Entries supplied section start

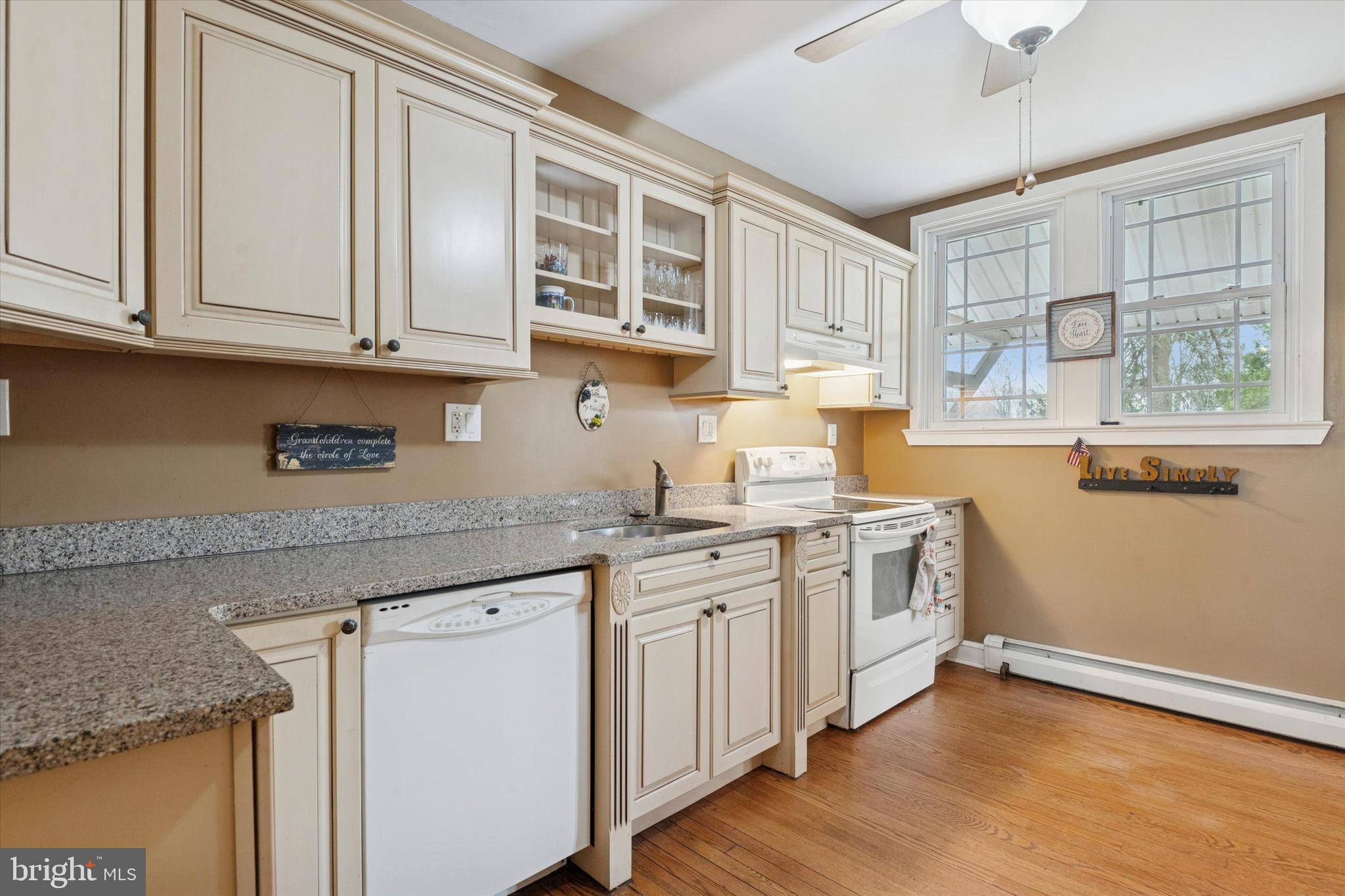 613 Convent Road Aston, PA 19014 - Photo 10 of 25 a kitchen with stainless steel appliances granite countertop white cabinets a sink and dishwasher with wooden floor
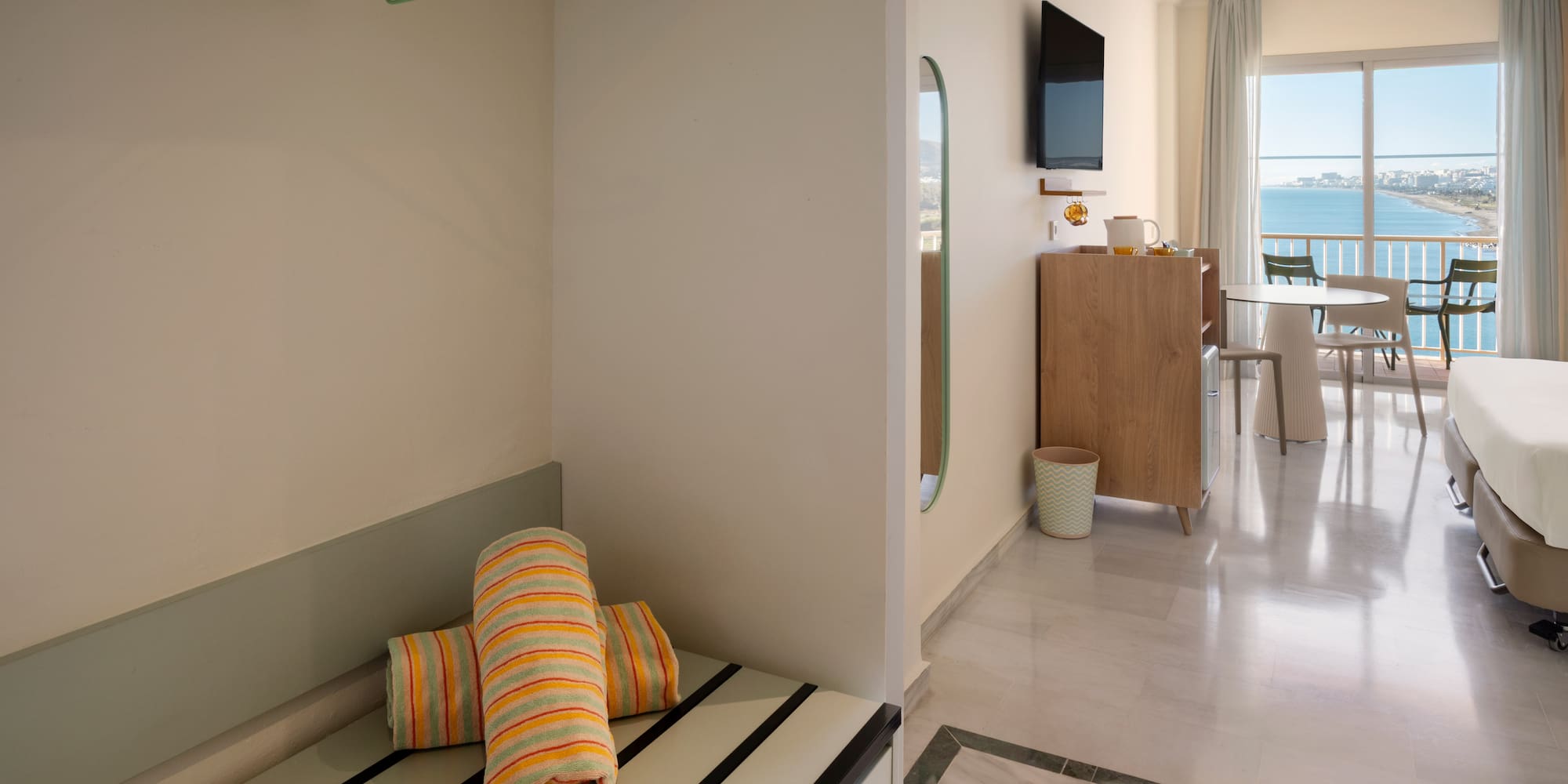 a room with a television and a bed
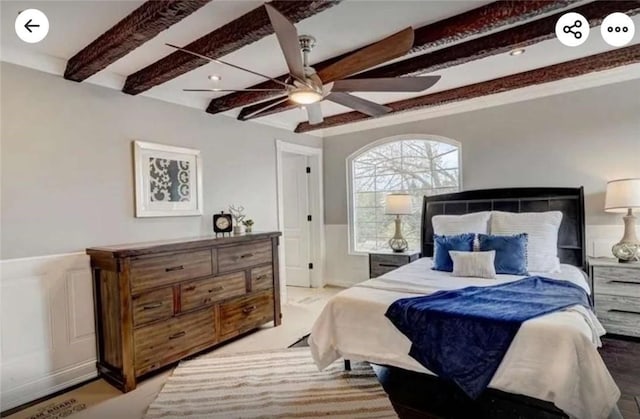 bedroom featuring beam ceiling, a decorative wall, wainscoting, and a ceiling fan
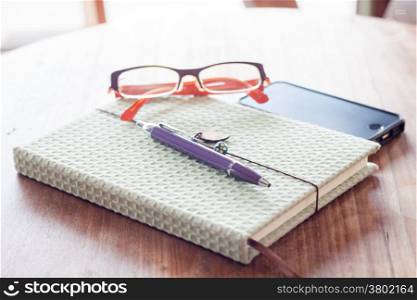 Notebook and pen with smartphone on wooden table, stock photo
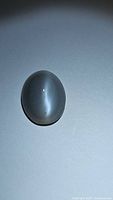 Photo of one oval cabochon moonstone showing strong cat's eye effect under direct illumination on a plain background.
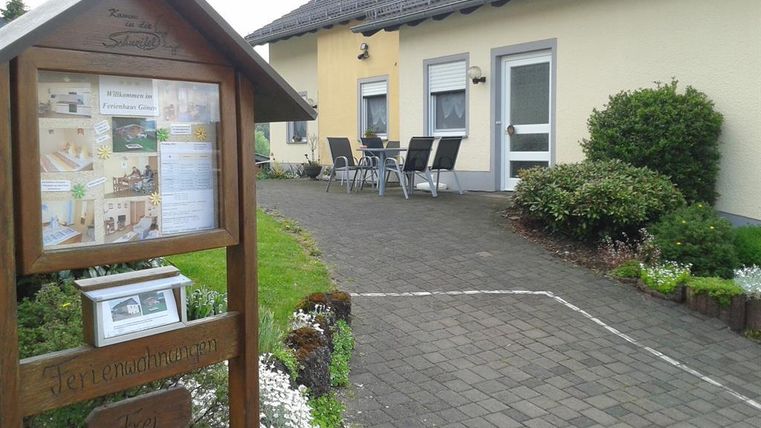 Ein gemütliches Ferienhaus mit einem gepflasterten Weg und einer einladenden Terrasse. Vor dem Haus steht ein Informationsschild über die Unterkunft.
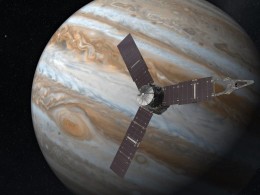 illustration of a three-armed spacecraft in front of Jupiter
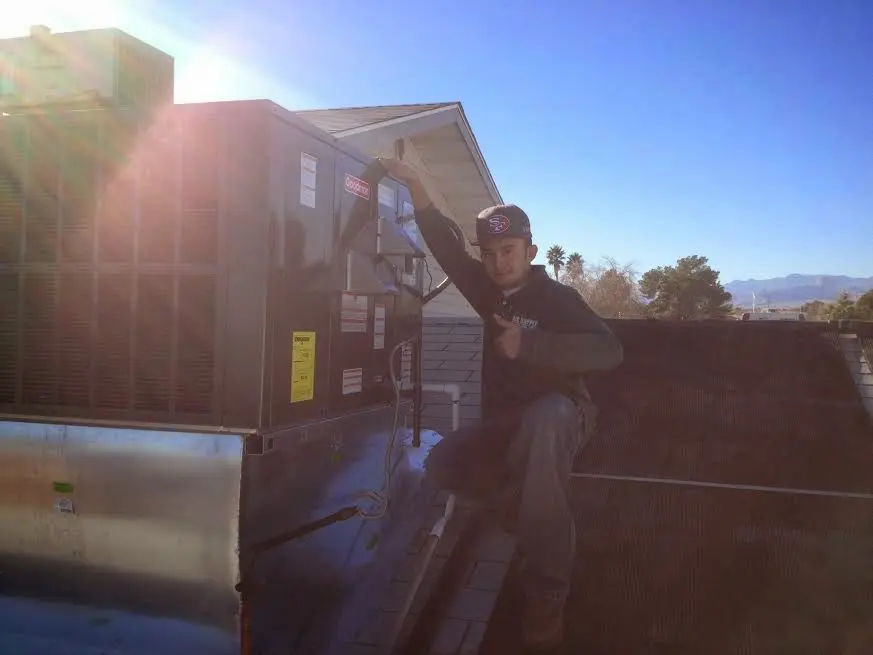 HVAC technician performing AC Tune-Up on a rooftop unit in Hesperia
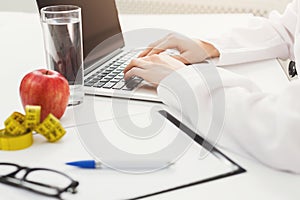 Female nutritionist working on laptop photo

Entries supplied section end

● Task details:
In the listing above, find the line with "bedroom featuring beam" and the line with "Photo of one". Transcribe those two and everything between, exactly, leaving out pictures.

● Solved exercise:
 bedroom featuring beam ceiling, a decorative wall, wainscoting, and a ceiling fan
 Notebook and pen with smartphone on wooden table, stock photo
 Photo of one oval cabochon moonstone showing strong cat's eye effect under direct illumination on a plain background.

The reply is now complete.